Koszt turbin wiatrowych również gwałtownie wzrósł. Z jednej strony wynika to z inwazji Rosji na Ukrainę, która spowodowała wzrost cen stali. Ale wynika to również z faktu, że turbiny stają się coraz bardziej złożone. Aby zbudować mocniejsze łopaty wirnika, producenci zapuszczają się w nowe obszary technologii i eksperymentują z drogimi materiałami kompozytowymi z włókna węglowego. Aby uchwycić silniejszy wiatr na większych wysokościach, przeciętna wieża ma obecnie prawie 100 metrów wysokości. W 2018 r. firma General Electric zaprezentowała morską turbinę wiatrową o wysokości 260 metrów – wielkości wieży Eiffla. Dostawcy około 8000 części turbiny wiatrowej mają trudności z dotrzymaniem kroku. Statki i ciężarówki mają trudności z transportem części wielkości boisk piłkarskich. Transport wymaga niekończących się procesów zatwierdzania, co sprawia, że projekty są droższe.

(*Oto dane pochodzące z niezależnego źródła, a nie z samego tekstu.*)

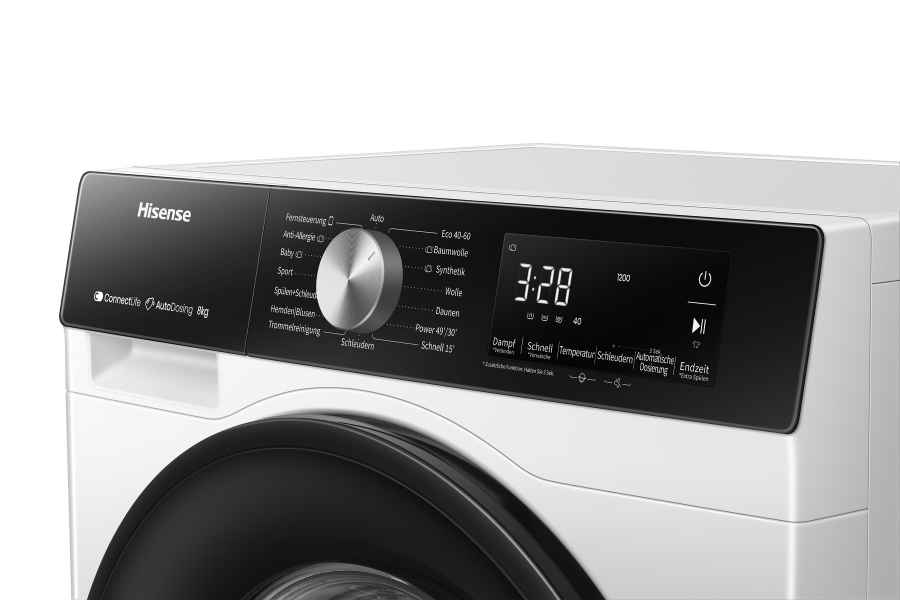 Hisense WF3S8045BW3 Waschmaschine  Stand 8 kg 1400 U/Min Weiß  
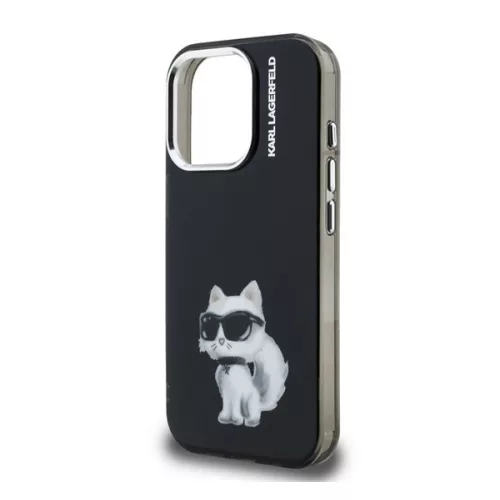 KARL LAGERFELD IML AQUARELLE CHOUPETTE szilikon telefonvédő (ütésállóság, kameravédő) FEKETE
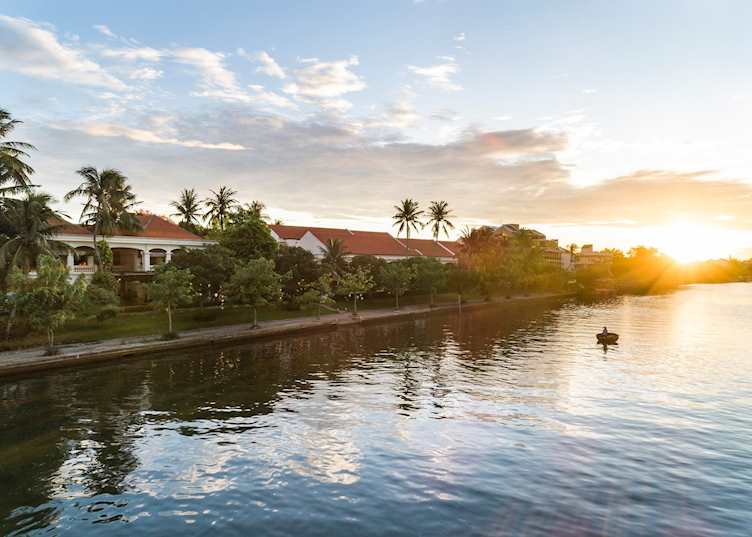 Thu Bon River view at Anantara Hoi An Resort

Zatwierdzenia i budowa są szybsze w USA

W Ameryce zatwierdzenie farmy słonecznej zajmuje średnio cztery lata, a lądowej farmy wiatrowej – sześć lat. Zasada UE, zgodnie z którą czas zatwierdzania projektów energii odnawialnej w UE nie powinien przekraczać dwóch lat, zwykle nie jest przestrzegana. Ponieważ farmy słoneczne i wiatrowe generalnie generują mniej energii niż konwencjonalne elektrownie i są coraz częściej budowane w odległych obszarach ze względu na już zajęte, łatwe do podłączenia lokalizacje, często wymagają nowych i długich linii przesyłowych. Te również muszą najpierw uzyskać pozwolenie.

Niemieckie ciekawostki

W Niemczech prowadzi to do takich kuriozów, jak “ghost power”: turbiny wiatrowe muszą być wyłączone, ponieważ w przeciwnym razie produkowałyby energię elektryczną, której nie można by przetransportować. Operatorzy otrzymują jednak za to rekompensatę. Według szacunków Niemieckiego Stowarzyszenia Przemysłu Energetycznego i Wodnego, tylko w 2022 r. ograniczono dobre trzy miliardy kilowatogodzin energii wiatrowej, która mogłaby zostać wyprodukowana przez turbiny lądowe. Koszt tego może teraz wynieść ponad miliard euro.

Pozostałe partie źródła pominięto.